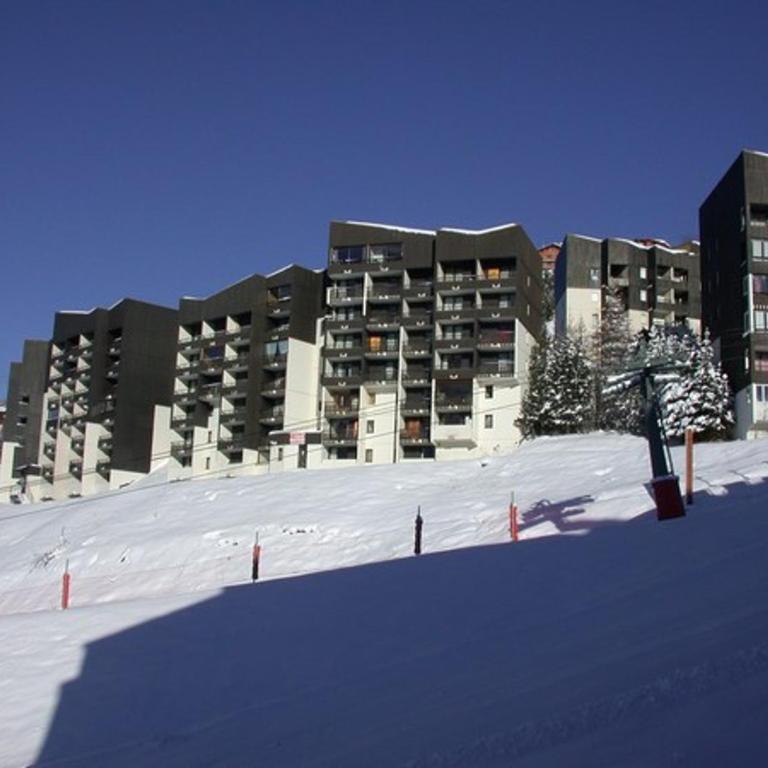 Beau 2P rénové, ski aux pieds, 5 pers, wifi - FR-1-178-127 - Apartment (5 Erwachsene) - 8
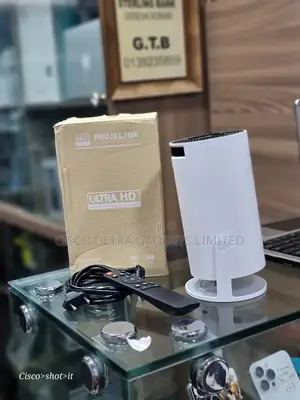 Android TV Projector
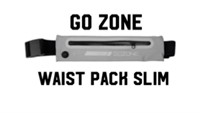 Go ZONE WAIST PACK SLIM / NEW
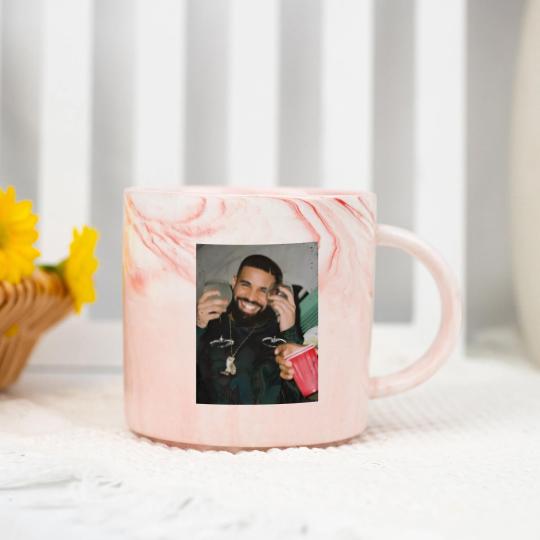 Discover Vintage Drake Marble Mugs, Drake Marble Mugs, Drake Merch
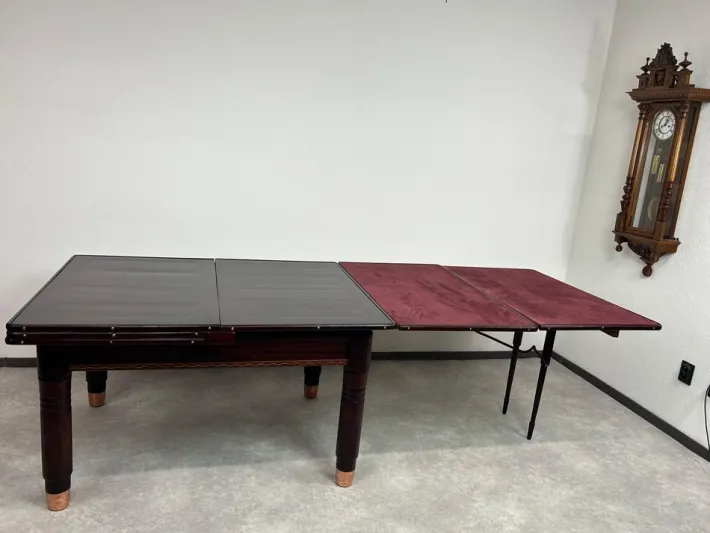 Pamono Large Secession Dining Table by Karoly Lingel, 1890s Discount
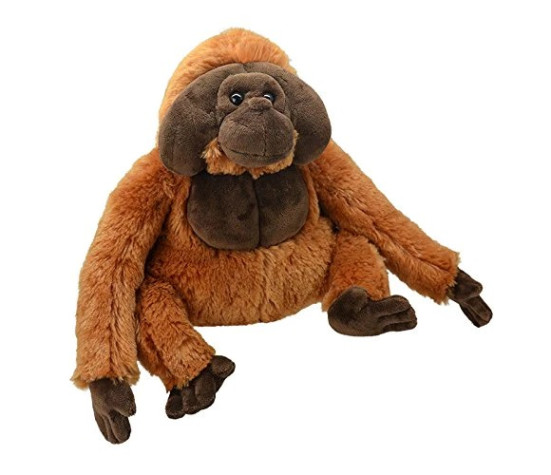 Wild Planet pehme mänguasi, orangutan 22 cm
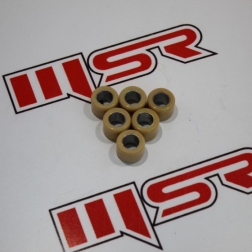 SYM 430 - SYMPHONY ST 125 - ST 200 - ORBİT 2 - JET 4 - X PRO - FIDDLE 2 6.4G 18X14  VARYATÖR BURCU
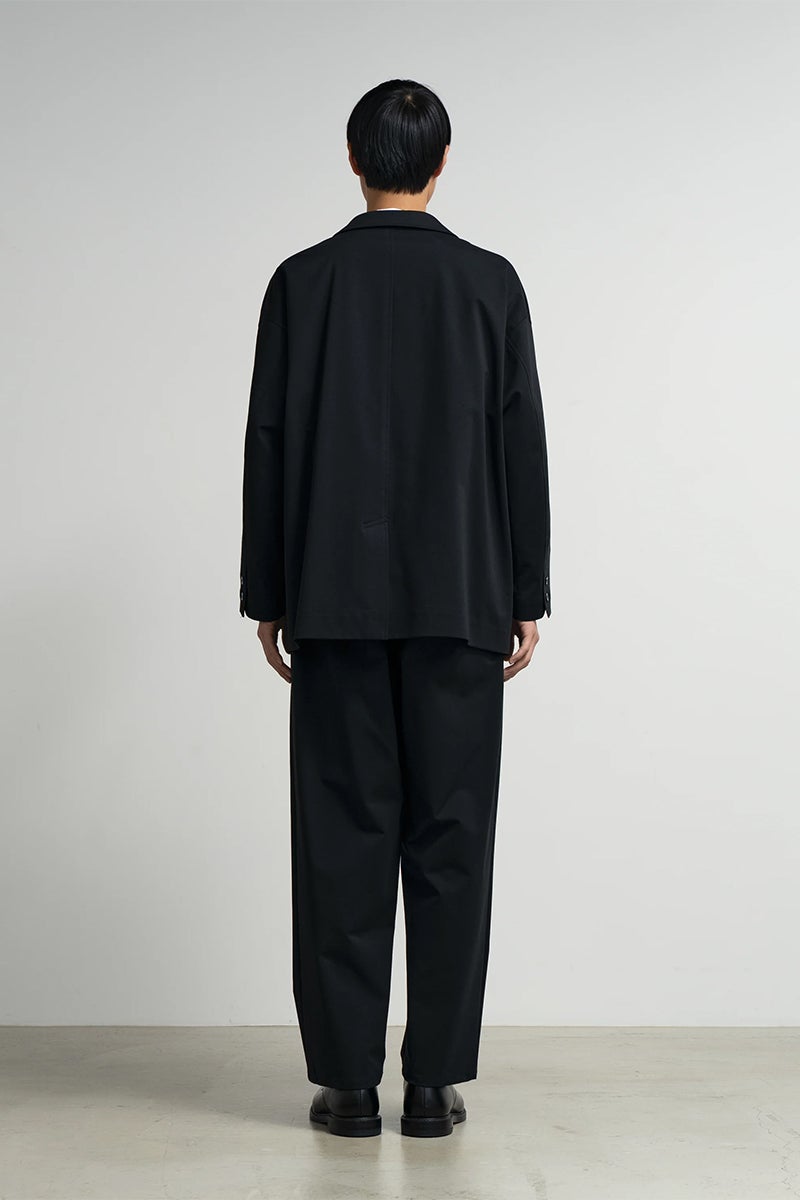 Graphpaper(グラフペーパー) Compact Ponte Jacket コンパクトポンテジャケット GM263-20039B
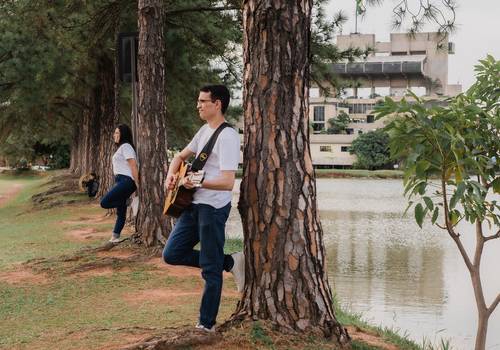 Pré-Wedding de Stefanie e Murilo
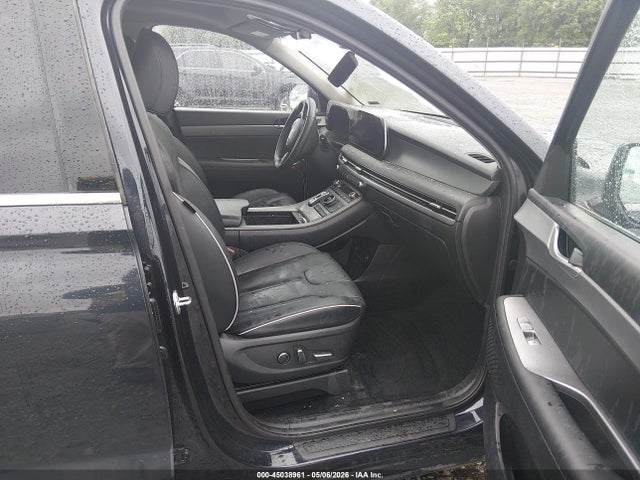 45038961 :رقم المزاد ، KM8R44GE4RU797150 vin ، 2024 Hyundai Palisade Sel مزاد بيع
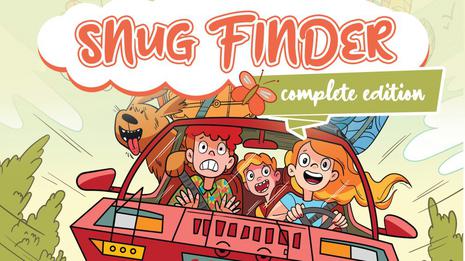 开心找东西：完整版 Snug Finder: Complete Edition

______________________________

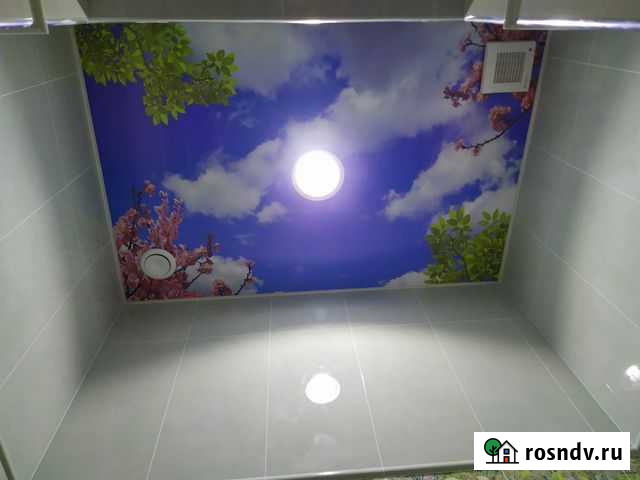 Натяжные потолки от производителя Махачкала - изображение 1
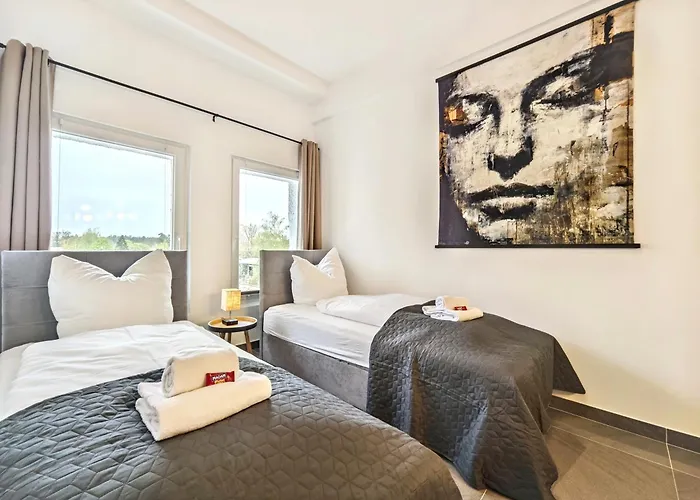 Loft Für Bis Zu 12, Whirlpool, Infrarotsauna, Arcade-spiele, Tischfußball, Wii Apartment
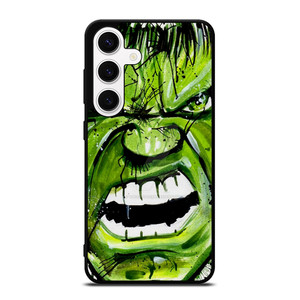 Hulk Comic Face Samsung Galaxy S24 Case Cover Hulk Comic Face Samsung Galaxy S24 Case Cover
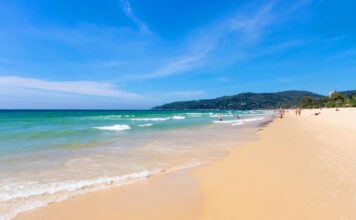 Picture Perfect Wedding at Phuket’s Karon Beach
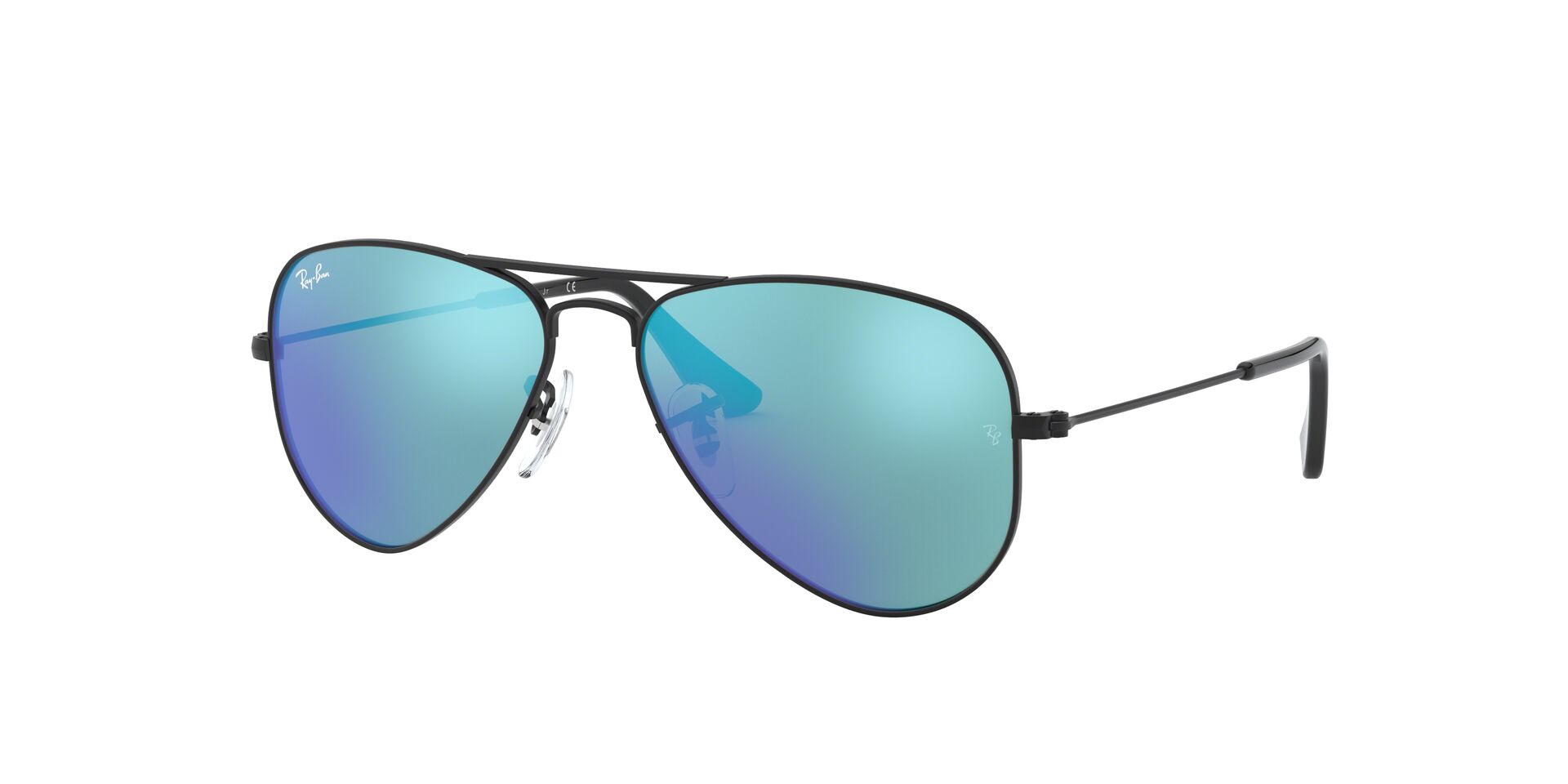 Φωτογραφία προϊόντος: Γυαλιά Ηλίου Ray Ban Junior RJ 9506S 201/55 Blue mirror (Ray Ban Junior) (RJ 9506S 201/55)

______________________________

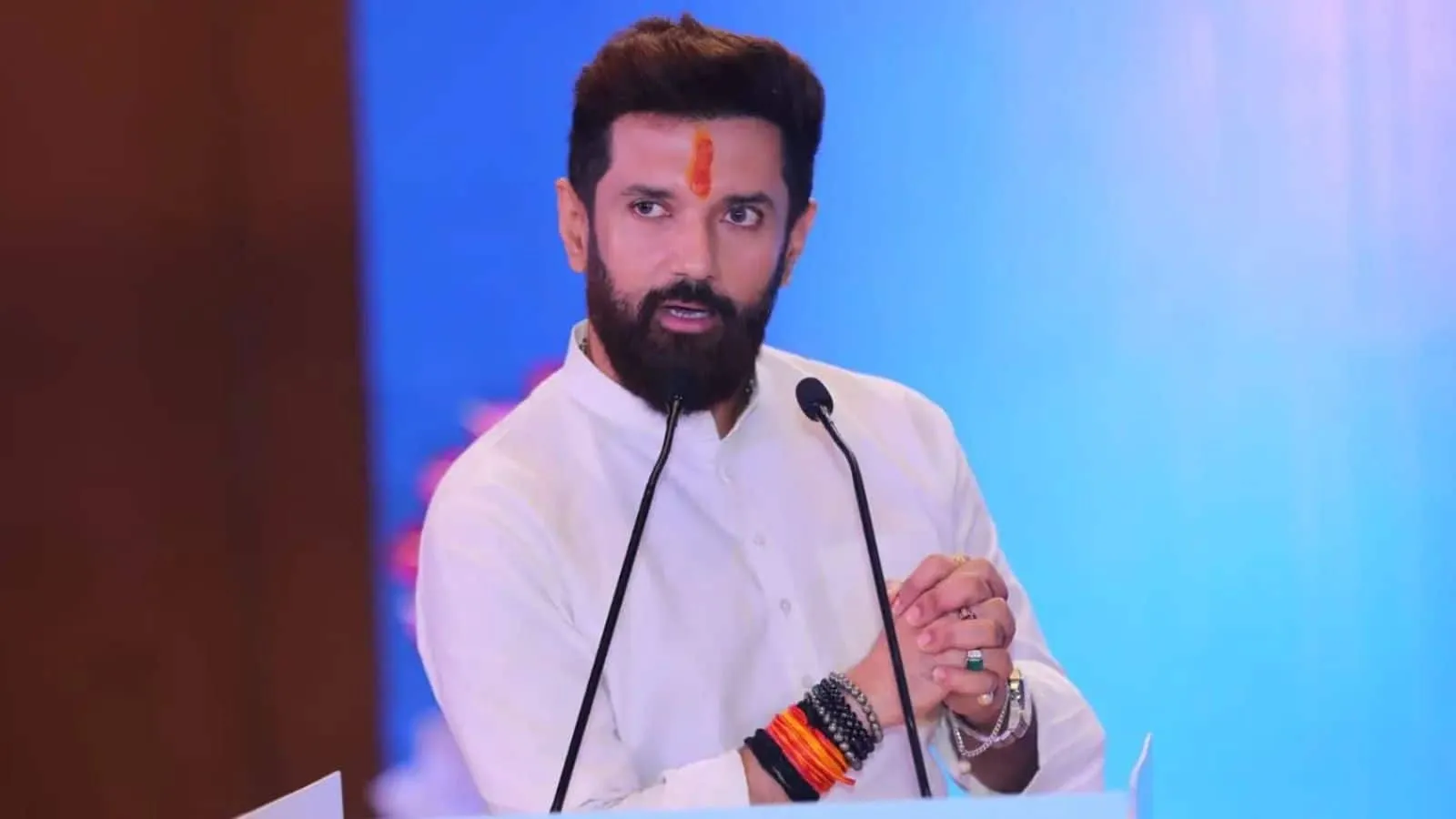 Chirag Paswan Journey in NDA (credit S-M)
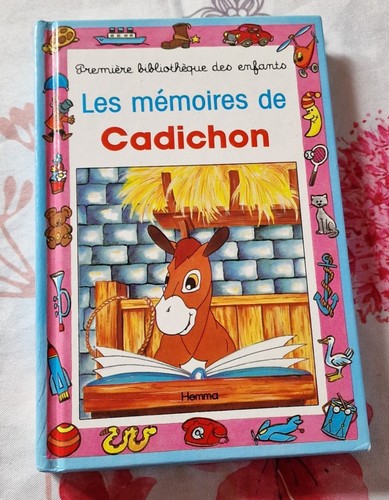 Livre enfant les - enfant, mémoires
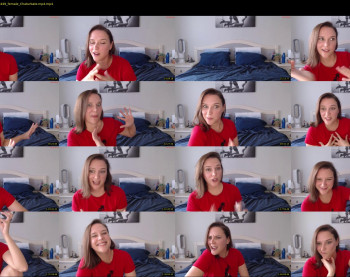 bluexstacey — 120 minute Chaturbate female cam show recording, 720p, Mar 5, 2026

______________________________

Restate the lines above from the one containing "Loft Für Bis" through the one containing "Φωτογραφία προϊόντος: Γυαλιά", inclusive, exactly and without pictures.

 Loft Für Bis Zu 12, Whirlpool, Infrarotsauna, Arcade-spiele, Tischfußball, Wii Apartment
 Hulk Comic Face Samsung Galaxy S24 Case Cover Hulk Comic Face Samsung Galaxy S24 Case Cover
 Picture Perfect Wedding at Phuket’s Karon Beach
 Φωτογραφία προϊόντος: Γυαλιά Ηλίου Ray Ban Junior RJ 9506S 201/55 Blue mirror (Ray Ban Junior) (RJ 9506S 201/55)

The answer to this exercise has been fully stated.